__Information shown__.
····················

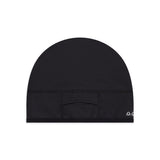 Reebok Women's Active Beanies Hats - Tophatter Daily Deals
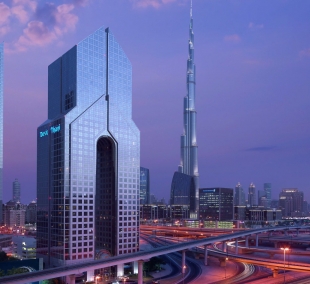 dubai3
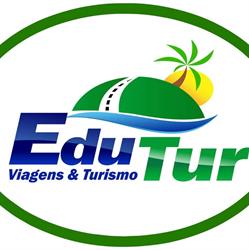 Expresso Edutur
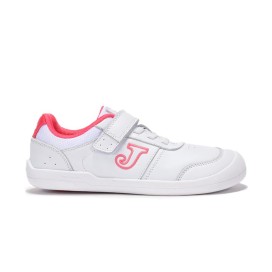 Joma Degass – Women’s Everyday Barefoot Shoes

····················

__Task details__. At the line containing "Expresso Edutur", start reproducing exactly, and stop after the last line of the listing; include both ends, and leave the pictures out.

__Task answer__.
 Expresso Edutur
 Joma Degass – Women’s Everyday Barefoot Shoes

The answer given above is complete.